For two weeks, this Giro has been a race of attrition. Some notable contenders have fallen by the wayside, but the margins remain wafer thin at the head of the overall standings. In a slow burning second week, the only notable change at the head of the general classification has been Romain Bardet’s unexpected abandon on Friday afternoon, and five riders remain locked within 30 seconds of maglia rosa Juan Pedro López (Trek-Segafredo).
That could all change on Saturday’s 147km leg from Santena to Turin, which brings the gruppo on two laps of a relentless, sinuous circuit over the ascents of Superga and the Colle della Maddalena before a plunge to the finish on the banks of the Po.
The brevity of this stage should encourage aggressive racing and might – might – tempt the podium contenders onto the offensive. It would certainly be a surprise if one of their number didn’t suffer a setback here.
“It’s one of the stages that the whole peloton fears the most,” Diego Rosa (Eolo-Kometa) told Cyclingnews. “It’s a strange stage, and I think there’ll be a lot of tension in the bunch on Saturday.”

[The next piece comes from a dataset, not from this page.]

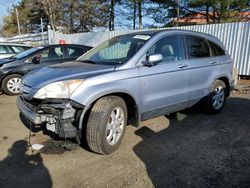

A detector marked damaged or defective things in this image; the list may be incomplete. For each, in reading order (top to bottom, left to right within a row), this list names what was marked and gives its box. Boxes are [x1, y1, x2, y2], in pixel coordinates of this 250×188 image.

cracked headlight [34, 79, 84, 99]
damaged front bumper [16, 96, 84, 139]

Rosa, a native of nearby Alba, knows the terrain better than most, given that he claimed the biggest victory of his career when he won Milano-Torino atop Superga in 2015. He politely dismissed the idea that Saturday’s stage offered a challenge equivalent to the venerable classic. “No, it’s a lot harder. And it also comes at the end of the second week of the Giro d’Italia, but with a lot of riders who want to attack.”
Rosa, currently in the maglia azzurra of king of the mountains, is among their number, but he knows the scramble for the early break will be among the most fraught of this entire Giro. Unlike the Neapolitan circuit of a week ago, meanwhile, this stage is tough enough to spark the GC battle into life and fraught enough to make the time limit a pressing concern for the men at the back of the race.
“The sprinters will be worried about the time limit and the GC riders will be nervous because it’s a tough stage with some climbs that are short but very, very hard. They’ll need a team around them to control things and that’s not easy on a stage like this,” Rosa said. “Then for the guys who go in the break, it’s not easy either. There’s no guarantee the break will go the distance, especially if they race behind.”
The lie of the land
López is undoubtedly a rider of considerable potential, but the length of the 24-year-old’s tenure in the maglia rosa tells its own story about this Giro. Since the Blockhaus on Sunday, the route has been devoid of serious obstacles, while the men with designs on wearing pink in Verona have been content to bide their time.
Although Richard Carapaz (Ineos Grenadiers) nabbed some bonus seconds to move up to second overall on Wednesday, the favourites all seem comfortable with the current status quo, with João Almeida (UAE Team Emirates), Jai Hindley (Bora-Hansgrohe), Guillaume Martin (Cofidis) and Mikel Landa (Bahrain Victorious) also within half a minute of López. All the while, Trek-Segafredo hold the responsibility of defending the jersey.
That week-long entente cordiale will surely rupture this weekend. Sunday’s Alpine leg to Cogne is the first full-blown mountain day since the long trek through Abruzzo on stage 9, but the first part of the Piedmont/Val d’Aosta doubleheader might be just as pivotal in the overall picture of the race.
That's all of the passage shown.